The actual total cost depends wildly on what you're doing. A simple blog? Could be $4/month. A serious e-commerce business? Might be $200-500/month including hosting, extensions, and tools. Still usually cheaper than enterprise solutions.
The WordPress community is massive and has opinions about everything. General consensus on Automattic's products:
WordPress.com gets praise for reliability and ease of use, complaints about limitations on lower-tier plans. Business bloggers tend to like it. Developers often prefer self-hosting for more control.
WooCommerce is loved for flexibility, sometimes frustrating for beginners due to complexity. The extension ecosystem is both a blessing (you can do anything) and a curse (you have to figure out which extensions actually work).
Jetpack has fans who swear by the convenience and critics who think it's bloated. The security features get consistent praise.
Automattic has this program called the WordPress.com VIP platform for enterprise clients. CNN, Facebook, Salesforce – companies like that use it. It's WordPress, but with dedicated infrastructure and support teams. The pricing isn't public, but it's definitely not cheap.
They also created Simplenote, a minimalist note-taking app that's just... nice. Free, cross-platform, no frills. Doesn't make them money as far as I can tell. They just maintain it because it's useful.
Day One, the journaling app, is also theirs now. They acquired it and have been improving it while keeping the core experience intact.
If you're just thinking about starting a website or online store, 👉 Automattic's tools are worth serious consideration. They're not always the flashiest or easiest option, but they're solid, they scale, and you won't get locked into something you can't escape from later.
For bloggers who might eventually want to monetize: WordPress.com's paid plans give you that path without having to migrate platforms later.
For online stores: WooCommerce has the lowest long-term costs if you're willing to handle (or pay someone to handle) a bit more technical setup.
For existing WordPress site owners: Jetpack solves a bunch of common headaches in one package instead of juggling multiple plugins.

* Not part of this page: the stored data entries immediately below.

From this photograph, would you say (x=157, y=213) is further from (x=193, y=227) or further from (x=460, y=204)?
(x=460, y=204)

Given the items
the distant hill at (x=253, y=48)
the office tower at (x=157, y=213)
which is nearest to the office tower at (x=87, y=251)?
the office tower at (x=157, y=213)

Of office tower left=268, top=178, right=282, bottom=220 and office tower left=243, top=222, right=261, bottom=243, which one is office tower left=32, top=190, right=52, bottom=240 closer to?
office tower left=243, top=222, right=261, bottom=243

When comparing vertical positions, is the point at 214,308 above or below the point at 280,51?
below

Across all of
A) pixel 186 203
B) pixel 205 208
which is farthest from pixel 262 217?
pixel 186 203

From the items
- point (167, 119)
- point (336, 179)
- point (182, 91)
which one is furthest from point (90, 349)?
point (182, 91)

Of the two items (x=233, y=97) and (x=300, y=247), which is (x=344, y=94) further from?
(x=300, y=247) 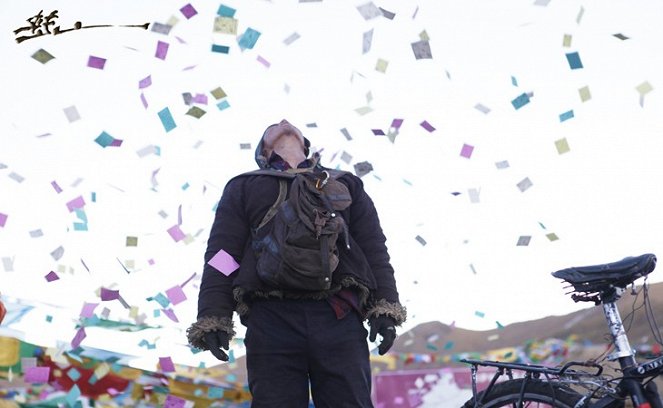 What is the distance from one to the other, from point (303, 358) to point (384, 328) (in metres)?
0.33

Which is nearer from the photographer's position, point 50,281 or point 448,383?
point 50,281

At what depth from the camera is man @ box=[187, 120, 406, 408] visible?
2988mm

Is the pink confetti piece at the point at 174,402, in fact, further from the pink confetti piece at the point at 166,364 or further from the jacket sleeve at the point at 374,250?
the jacket sleeve at the point at 374,250

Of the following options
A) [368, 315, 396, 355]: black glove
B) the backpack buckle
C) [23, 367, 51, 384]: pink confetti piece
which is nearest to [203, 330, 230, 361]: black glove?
[368, 315, 396, 355]: black glove

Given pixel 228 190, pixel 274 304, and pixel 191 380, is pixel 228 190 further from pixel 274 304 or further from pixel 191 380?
pixel 191 380

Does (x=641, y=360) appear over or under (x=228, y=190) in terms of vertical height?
under

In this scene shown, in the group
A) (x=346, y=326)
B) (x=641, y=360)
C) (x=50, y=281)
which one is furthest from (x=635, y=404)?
(x=50, y=281)

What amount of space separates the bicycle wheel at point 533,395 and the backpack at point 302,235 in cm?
77

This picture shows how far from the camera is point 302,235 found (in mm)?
3021

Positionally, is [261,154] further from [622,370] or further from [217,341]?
[622,370]

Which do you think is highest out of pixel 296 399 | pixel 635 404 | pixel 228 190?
pixel 228 190

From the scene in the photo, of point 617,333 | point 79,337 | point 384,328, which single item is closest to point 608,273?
point 617,333

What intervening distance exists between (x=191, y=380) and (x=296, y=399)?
2882 millimetres

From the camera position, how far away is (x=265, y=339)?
3.00 m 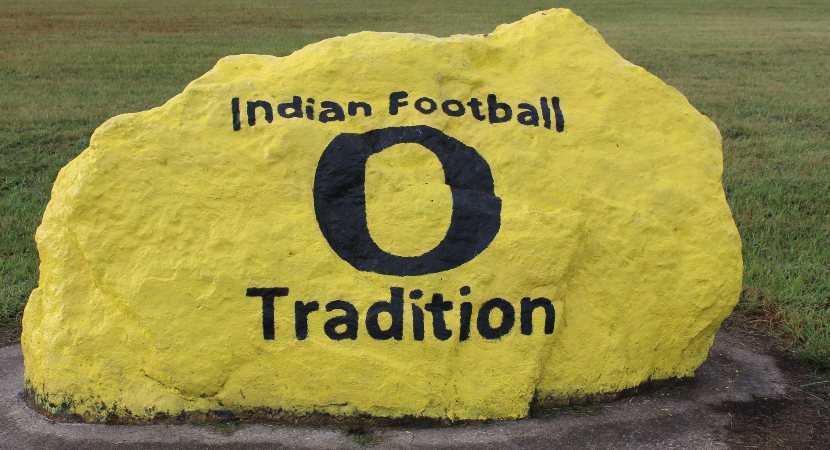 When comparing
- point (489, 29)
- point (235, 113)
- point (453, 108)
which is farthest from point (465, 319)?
point (489, 29)

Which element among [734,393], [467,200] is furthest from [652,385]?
[467,200]

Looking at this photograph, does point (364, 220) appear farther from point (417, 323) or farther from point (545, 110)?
point (545, 110)

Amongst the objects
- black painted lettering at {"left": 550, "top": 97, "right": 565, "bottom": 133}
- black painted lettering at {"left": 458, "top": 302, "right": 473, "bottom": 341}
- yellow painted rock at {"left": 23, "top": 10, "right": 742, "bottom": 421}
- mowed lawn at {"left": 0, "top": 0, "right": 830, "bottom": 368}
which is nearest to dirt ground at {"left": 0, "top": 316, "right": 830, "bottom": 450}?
yellow painted rock at {"left": 23, "top": 10, "right": 742, "bottom": 421}

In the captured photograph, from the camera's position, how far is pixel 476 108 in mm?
2791

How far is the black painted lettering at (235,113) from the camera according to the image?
2654 millimetres

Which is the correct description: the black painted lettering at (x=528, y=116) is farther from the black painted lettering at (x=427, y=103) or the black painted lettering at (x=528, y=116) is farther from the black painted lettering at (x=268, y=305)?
the black painted lettering at (x=268, y=305)

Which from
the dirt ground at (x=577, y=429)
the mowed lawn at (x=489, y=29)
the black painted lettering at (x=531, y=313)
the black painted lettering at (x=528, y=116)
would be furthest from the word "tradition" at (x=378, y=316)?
the mowed lawn at (x=489, y=29)

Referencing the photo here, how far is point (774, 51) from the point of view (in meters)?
11.8

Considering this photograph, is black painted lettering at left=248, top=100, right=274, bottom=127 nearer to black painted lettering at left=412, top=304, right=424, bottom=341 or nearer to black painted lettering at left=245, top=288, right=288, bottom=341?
black painted lettering at left=245, top=288, right=288, bottom=341

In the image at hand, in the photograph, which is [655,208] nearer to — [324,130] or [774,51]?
[324,130]

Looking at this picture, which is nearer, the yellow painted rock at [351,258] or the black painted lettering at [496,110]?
the yellow painted rock at [351,258]

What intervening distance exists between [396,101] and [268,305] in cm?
95

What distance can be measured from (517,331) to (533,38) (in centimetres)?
130

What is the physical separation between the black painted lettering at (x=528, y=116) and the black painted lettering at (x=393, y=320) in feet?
2.96
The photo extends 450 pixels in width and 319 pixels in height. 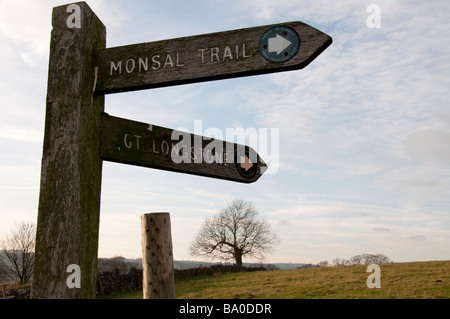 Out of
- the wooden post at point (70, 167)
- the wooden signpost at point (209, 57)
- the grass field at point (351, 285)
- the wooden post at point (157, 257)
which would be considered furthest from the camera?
the grass field at point (351, 285)

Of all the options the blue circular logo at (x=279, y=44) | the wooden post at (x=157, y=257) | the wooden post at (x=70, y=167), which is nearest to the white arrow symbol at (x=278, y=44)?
the blue circular logo at (x=279, y=44)

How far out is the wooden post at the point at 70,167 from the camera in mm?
2787

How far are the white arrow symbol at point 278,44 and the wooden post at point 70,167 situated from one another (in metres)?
1.44

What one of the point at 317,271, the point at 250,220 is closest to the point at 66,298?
the point at 317,271

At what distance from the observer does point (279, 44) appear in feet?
9.70

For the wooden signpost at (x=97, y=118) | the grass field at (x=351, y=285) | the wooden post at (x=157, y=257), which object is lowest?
the grass field at (x=351, y=285)

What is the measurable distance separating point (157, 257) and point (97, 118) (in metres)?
1.33

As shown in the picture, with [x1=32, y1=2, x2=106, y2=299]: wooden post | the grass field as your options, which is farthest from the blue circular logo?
the grass field

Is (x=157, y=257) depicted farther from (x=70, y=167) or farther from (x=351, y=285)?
(x=351, y=285)

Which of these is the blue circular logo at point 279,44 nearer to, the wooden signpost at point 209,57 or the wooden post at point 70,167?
the wooden signpost at point 209,57

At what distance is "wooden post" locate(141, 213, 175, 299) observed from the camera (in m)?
3.47

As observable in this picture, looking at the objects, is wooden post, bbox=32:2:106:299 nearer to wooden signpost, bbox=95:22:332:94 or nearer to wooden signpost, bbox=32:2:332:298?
wooden signpost, bbox=32:2:332:298

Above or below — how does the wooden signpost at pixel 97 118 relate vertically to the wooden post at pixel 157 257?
above

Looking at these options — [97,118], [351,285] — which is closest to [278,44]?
[97,118] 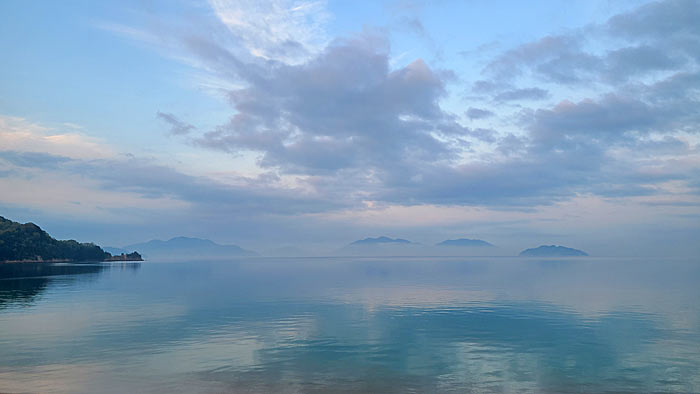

The company isn't perfect. Their products can be complex. Support quality varies. Some of their acquisitions (looking at you, Tumblr) are question marks financially.
But they've been around since 2005, they're profitable, and they're deeply invested in keeping the web open and accessible. In a tech landscape full of companies trying to lock you into walled gardens, that's actually kind of refreshing.
Plus, the whole distributed work thing means they've got people in nearly every timezone. So when you submit a support ticket at 3 AM because your site broke and you're panicking, someone's probably actually awake to help.
That's Automattic. Not flashy, occasionally frustrating, but quietly essential to how millions of people publish and sell things online. Whether you've heard of them or not, you've almost certainly used something they've built.